Here are additional columns that will make our lives easier or are applicable to some but not all data sets:

  1. reverse: this column tells you whether items in a scale need to be reverse coded. I recommend coding this as 1 (leave alone) and -1 (reverse) for reasons that will become clear later.
  2. mini: this column represents the minimum value of scales that are numeric. Leave blank otherwise.
  3. maxi: this column represents the maximum value of scales that are numeric. Leave blank otherwise.
  4. year: for longitudinal data, we have several waves of data and the name of the same item across waves is often different, so it’s important to note to which wave an item belongs. You can do this by noting the wave (e.g. 1, 2, 3), but I prefer the actual year the data were collected (e.g. 2005, 2009, etc.)
  5. meta: Some datasets have a meta name, which essentially means a name that variable has across all waves to make it clear which variables are the same. They are not always useful as some data sets have meta names but no great way of extracting variables using them. But they’re still typically useful to include in your codebook regardless.

Download Example Codebook

Below, let’s download the codebook we will use for this study, which will include all of the above columns. We’ll load it in later. For now, let’s explore it.

Code
# set the path
wd <- "https://github.com/emoriebeck/psc290-data-FQ23/raw/main/04-workshops/04-week4-readr"

download.file(
  url      = sprintf("%s//codebook.xlsx", wd), 
  destfile = "codebook.xlsx"
  )

Codebook Tab

The resulting codebook looks something like this:

  • In addition, to the codebook, I also document other overarching info three other tabs

Overview Tab

  • Overview just lists what variables I’m considering as serving different functions (e.g., demographics, covariates, moderators, predictors, outcomes, indepenedent variables, dependent variables, etc.)

Key Tab

  • Key helps me create tables that I’ll be able to use in R to help me rename things. This is super helpful for making final tables and figures!!

Sample Tab

  • Sample helps other people understand how you’re using the columns. This is generally good practice and also helpful if you have research assistants or collaborators helping you out!

Example

Now, we’re going to walk through an extended example. But first, let’s start with a description of the data.

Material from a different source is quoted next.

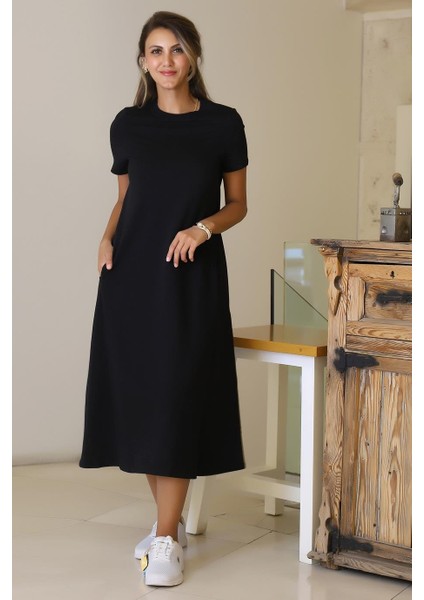 Sıfır Yaka Kısa Kollu Siyah Kadın Elbise S0014266-2Y5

First, we need to load in the data. We’re going to use three waves of data from the German Socioeconomic Panel Study, which is a longitudinal study of German households that has been conducted since 1984. We’re going to use more recent data from three waves of personality data collected between 2005 and 2013.

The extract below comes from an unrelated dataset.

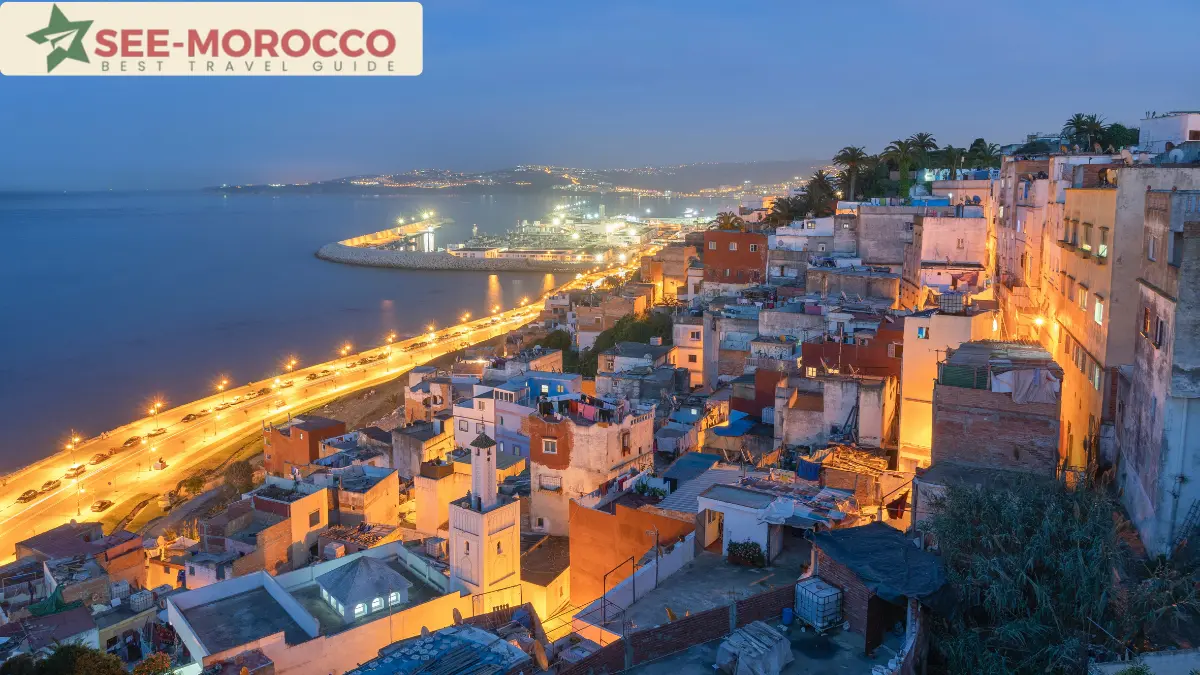 Tangier medina old town port at twilight Morocco Strait of Gibraltar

Note: we will be using the teaching set of the GSOEP data set. I will not be pulling from the raw files as a result of this. I will also not be mirroring the format that you would usually load the GSOEP from because that is slightly more complicated and something we will return to in a later tutorial on purrr (link) after we have more skills. I’ve left that code in the .qmd for now, but it won’t make a lot of sense right now.

Workspace

  • Download the following .zip file with an R project
  • We’re going to walk through this script, and then you will spend the rest of class working on your problem set, which basically does the same with your own data.

Packages

Code
library(psych)
library(plyr)
library(tidyverse)

Codebook

Code
loadWorkbook_url <- function(url, sheet) {
    temp_file <- tempfile(fileext = ".xlsx")
    download.file(url = url, destfile = temp_file, mode = "wb", quiet = TRUE)
    readxl::read_excel(temp_file, sheet = sheet)
}

url <- "https://github.com/emoriebeck/psc290-data-FQ23/raw/main/04-workshops/04-week4-readr/codebook.xlsx"
codebook <- loadWorkbook_url(url, sheet = "codebook") %>%
  mutate(old_name = str_to_lower(old_name))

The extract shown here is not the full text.